_TASK INPUTS_
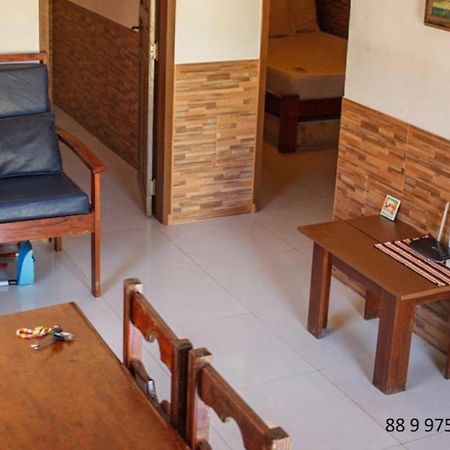 Casa Com Ar-Condicionados E Localizacao Perfeita Διαμέρισμα Canoa Quebrada Εξωτερικό φωτογραφία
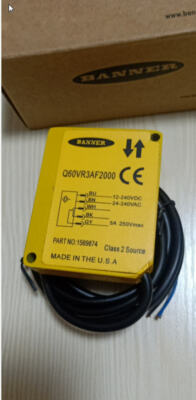 ONE NEW BANNER Q60VR3AF2000(Made in China)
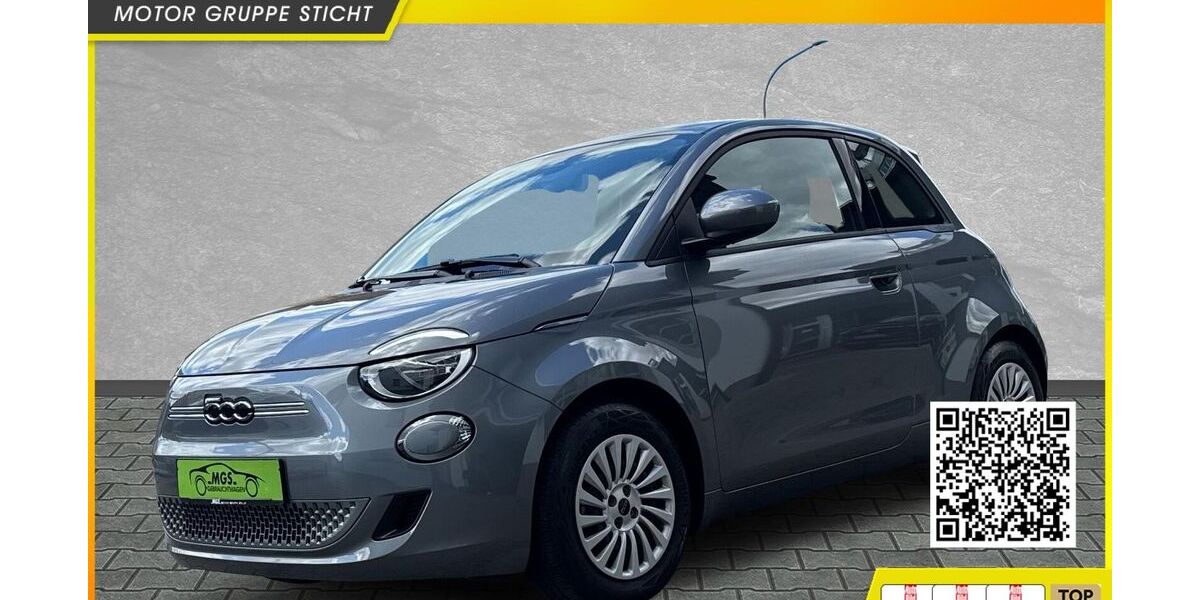Fiat 500e 6.048 km 12.490 &euro; Bayreuth 95445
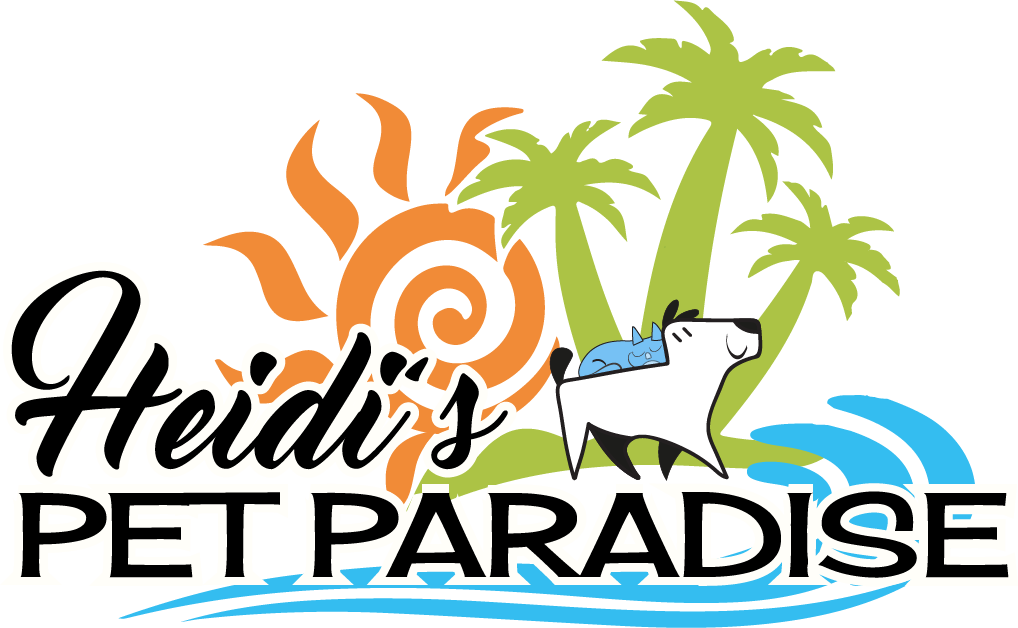 Heidi's Pet Paradise, Inc. Logo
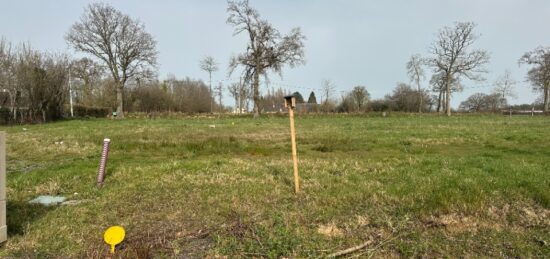 Terrain à bâtir à Saint-Jean-de-Daye, Normandie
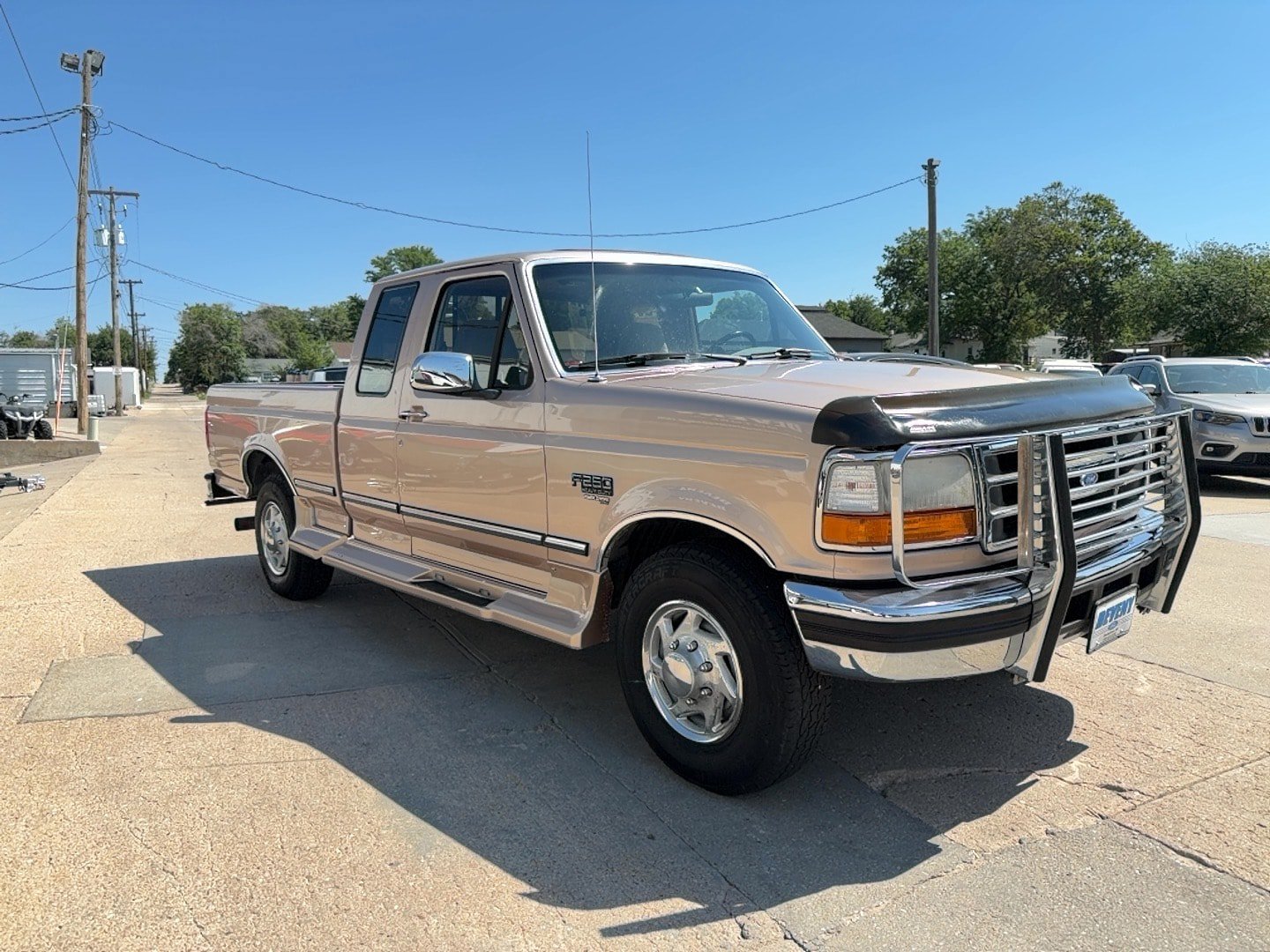Used 1997 Ford F250 2WD SuperCab Heavy Duty image 4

_EXERCISE INSTRUCTIONS_
Each line of the data should be printed again exactly. Please leave pictures out.

_SOLUTION BELOW_
 Casa Com Ar-Condicionados E Localizacao Perfeita Διαμέρισμα Canoa Quebrada Εξωτερικό φωτογραφία
 ONE NEW BANNER Q60VR3AF2000(Made in China)
Fiat 500e 6.048 km 12.490 &euro; Bayreuth 95445
 Heidi's Pet Paradise, Inc. Logo
 Terrain à bâtir à Saint-Jean-de-Daye, Normandie
Used 1997 Ford F250 2WD SuperCab Heavy Duty image 4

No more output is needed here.